在NumPy中,loadtxt()
方法从文本文件中加载数据。
示例
import numpy as np
# load text from a file
array1 = np.loadtxt('file.txt')
print(array1)
'''
Output
[[0. 1.]
[2. 3.]]
'''
注意:我们假设有一个名为file.txt
的文本文件,其中包含从0到3的数字。
loadtxt() 语法
loadtxt()
的语法是
numpy.loadtxt(fname, dtype=<class 'float'>, comments='#', delimiter=None, converters=None, skiprows=0, usecols=None, unpack=False, ndmin=0, encoding='bytes', max_rows=None, *, quotechar=None, like=None)
loadtxt() 参数
loadtxt()
方法接受以下参数
fname
- 要读取的文件(file
或str
或path
或generator
或list of str
)dtype
(可选)- 输出数组的类型comments
(可选)- 用于标识注释开头的字符(str
或None
)delimiter
(可选)- 用于分隔值的字符(str
)converters
(可选)- 用于自定义解析的函数(dict
或callable
)skiprows
(可选)- 要在开头跳过的行数(int
)usecols
(可选)- 要读取的列(int
或sequence
)unpack
(可选)- 如果为True
,则将列解包为单独的数组ndmin
(可选)- 数组中的最小维度数(int
)encoding
(可选)- 用于解码输入文件的编码(str
)max_rows
(可选)- 要读取的行数(int
)quotechar
(可选)- 用于表示带引号项的开始和结束的字符like
(可选)- 用于创建非NumPy数组的参考对象(array_like
)
注意事项
delimiter
只能是单个字符。ndmin
只能是0、1或2。max_rows
会忽略注释行和空行。
loadtxt() 返回值
loadtxt()
方法返回一个包含文本文件数据的数组。
示例1:使用loadtxt创建数组
我们当前的编译器不支持文件操作,因此我们使用了StringIO
类。这个类允许我们通过将字符串视为类似文件的对象来规避与文件相关的限制。
# StringIO behaves like a file object
from io import StringIO
file1 = StringIO('0 1 2\n3 4 5\n6 7 8')
# import numpy
import numpy as np
# load from file
array1 = np.loadtxt(file1)
print(array1)
输出
[[0. 1. 2.] [3. 4. 5.] [6. 7. 8.]]
示例2:使用dtype参数指定数据类型
dtype
参数有助于指定创建的numpy数组所需的等效数据类型。默认情况下,数据类型为float
,但是,我们可以根据需要将其更改为任何兼容的数据类型。
import numpy as np
# create two file objects using StringIO
from io import StringIO
file1 = StringIO(' 1 2\n3 4\n5 6')
file2 = StringIO(' 1 2\n3 4\n5 6')
# load from file
array1 = np.loadtxt(file1)
print("Default type:\n", array1)
# load from file to create an int array
array2 = np.loadtxt(file2, dtype = int)
print("\nInteger type:\n", array2)
输出
Default type: [[1. 2.] [3. 4.] [5. 6.]] Integer type: [[1 2] [3 4] [5 6]]
示例3:使用comments参数忽略文件中的行
comments
参数有助于指定注释从什么字符开始,以便我们在创建数组时可以忽略它们。
import numpy as np
# create two file objects using StringIO
from io import StringIO
file1 = StringIO(' 1 2\n#skip this line\n3 4\n5 6')

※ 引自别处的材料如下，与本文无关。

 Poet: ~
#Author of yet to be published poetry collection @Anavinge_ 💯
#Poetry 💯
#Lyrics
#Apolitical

file2 = StringIO('1 2 3 4 5 6?skip the second half of this line')
file3 = StringIO('1 2 3 4 5 6%skip the second half of this line')
# load from the file if comments start with #
array1 = np.loadtxt(file1, comments = '#')
print('Array1:', array1)
# load from the file and ignore all the characters after ?

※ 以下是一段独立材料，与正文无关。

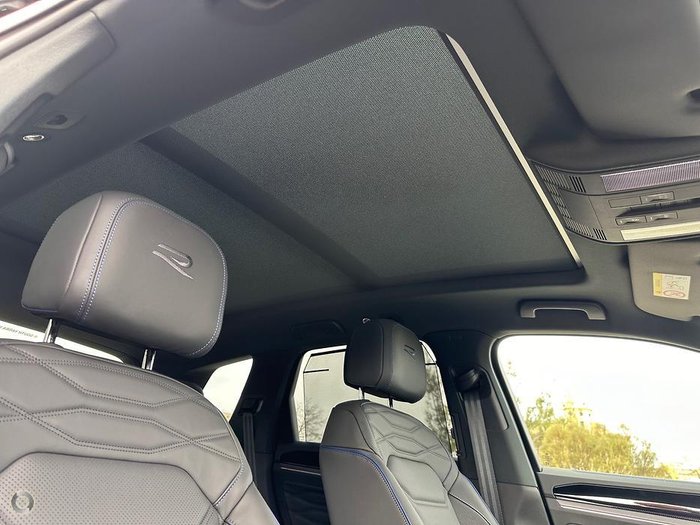 2024 Volkswagen Touareg R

array2 = np.loadtxt(file2, comments = '?')
print('Array2:', array2)
# load from the file and ignore all the characters after *
array3 = np.loadtxt(file3, comments = '*')
print('Array3:', array3)
输出
Array1: [[1. 2.] [3. 4.] [5. 6.]] Array2: [1. 2. 3. 4. 5. 6.] ValueError: could not convert string '6%skip' to float64 at row 0, column 6.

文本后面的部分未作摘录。